In my junior year of high school (three years ago, it doesn’t feel like that!) I joined the debate team after failing to register properly and being forcibly assigned it by my counselor. Luckily, I took to it like a duck to water. In a few short months I was brought up to Varsity, and ended up being one of the highest ranking members by the end of the year. But more than teaching me the communication skills I will use for the rest of my life, Debate class was the first time I had really been exposed to politics. That habit has thankfully stuck with me, and I continue to try to be as up to date as possible on current events at home and around the world. So when I came to Ireland, I was excited to be able to discover a whole new source and perspective on news. And Ireland did not disappoint. Part of it was hilarious as only an outside perspective on politics can be. Some of the things that various TD’s or Enda Kenny said that splashed the headlines were laughable, yet made all the funnier knowing that if some Congressmen had made the same comment, it would have barely made the pack panel of some blog. And yet some parts were actually quite engaging. I never thought I would ever find water rights interesting, yet that was the hot button issue during my stint here. It really brings to the forefront the omnipresent issues of government’s reach and the ability to market basic human needs. Also, some of the majority view points here and radically different than the U.S. Back home, pro-Palestine protests are ignored or even blocked from happening. As somebody who was always been vehemently pro-Israel – I want to join the IDF one day – it was a humbling experience to live in a state that has always come down on the other side. All in all, it was an eye opening experience to get a view into an entirely different political theater.

The North/South Divide

1 Dec

Many people know about Northern Ireland and how it is part of the United Kingdom as opposed to the Republic of Ireland. However, not many people know why. When I visited the North with my classmates about a month ago I discovered (in very great detail) exactly why Northern Ireland remains under English rule.

Coined as “The Troubles,” Ireland was under great strife from 1968 to 1998 (officially). It was a struggle that is still very pertinent to this day.

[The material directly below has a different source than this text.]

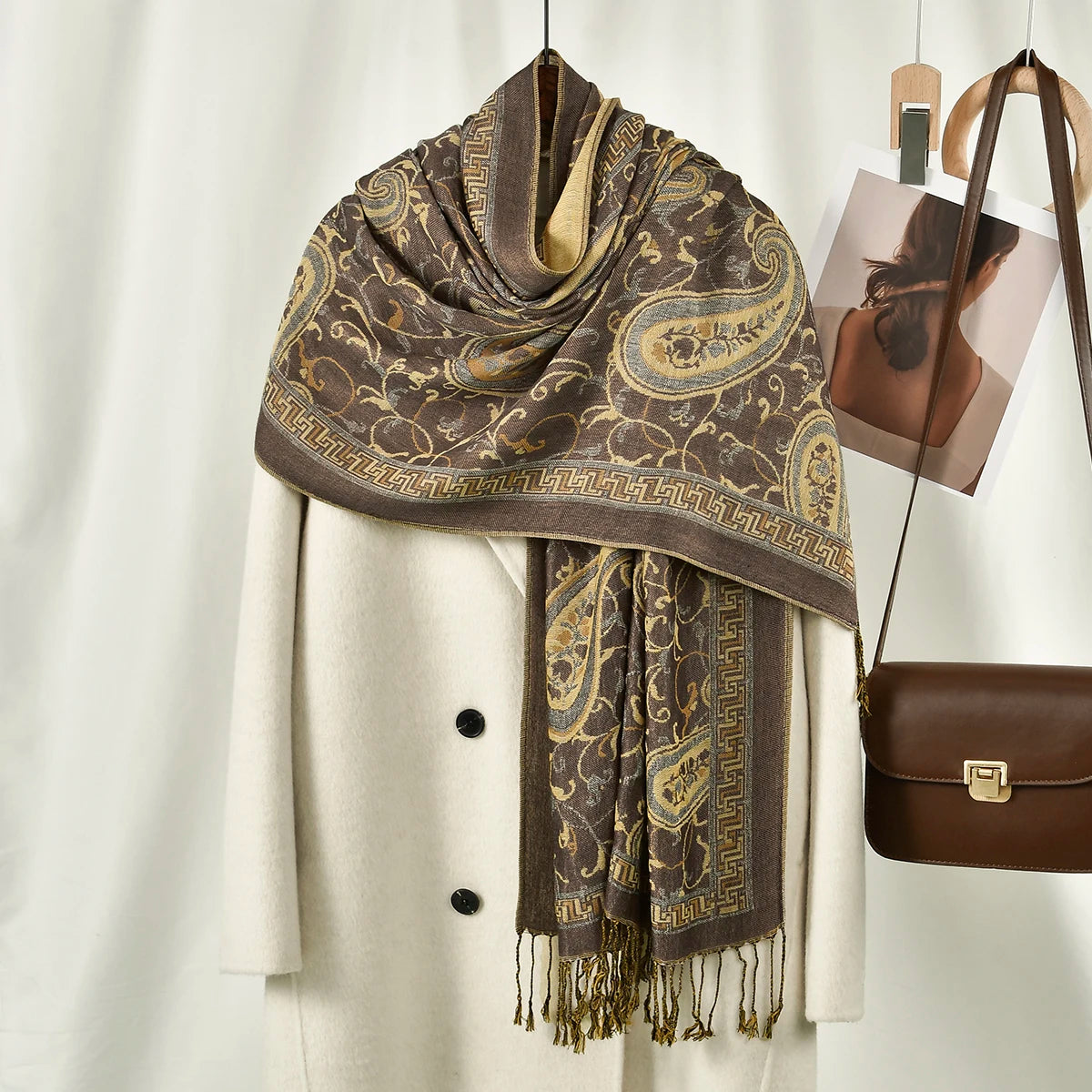 Dámská šál se vzorem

To put it simply: it was a struggle between the Protestant and Catholic people of Northern Ireland. However, it was much more complex than that. People who called themselves Protestants were generally unionists, loyalists, and would call themselves British. Those who identified as Catholic would normally identify as nationalists, republicans, and call themselves Irish. These two sides fought on numerous accounts for the duration of the 29 years, and, although on much smaller scales, continue to fight into today. These disputes include the Battle of the Bogside, Bloody Sunday, the Hunger Strikes, and countless riots and fights. Eventually, peace walls were established to end violence within cities that had strong Protestant and Catholic inhabitants. The most famous peace wall can be found in Belfast. People from all across the world write on this wall, asking the Irish to bring peace amongst themselves. The gates, however, are still locked tight at 7pm every night and remain that way until 7am the next morning.

While in Northern Ireland, my fellow classmates and I were given tours on each side of Belfast’s peace wall, as well as a tour of Derry/Londonderry. Thanks to our tour guides, this religious divide is very evident in today’s world. A Protestant tour guide will tell you that it was entirely the fault of the Catholics for the troubles, while a Catholic will tell you the exact opposite. This begs the question: when will The Troubles truly end?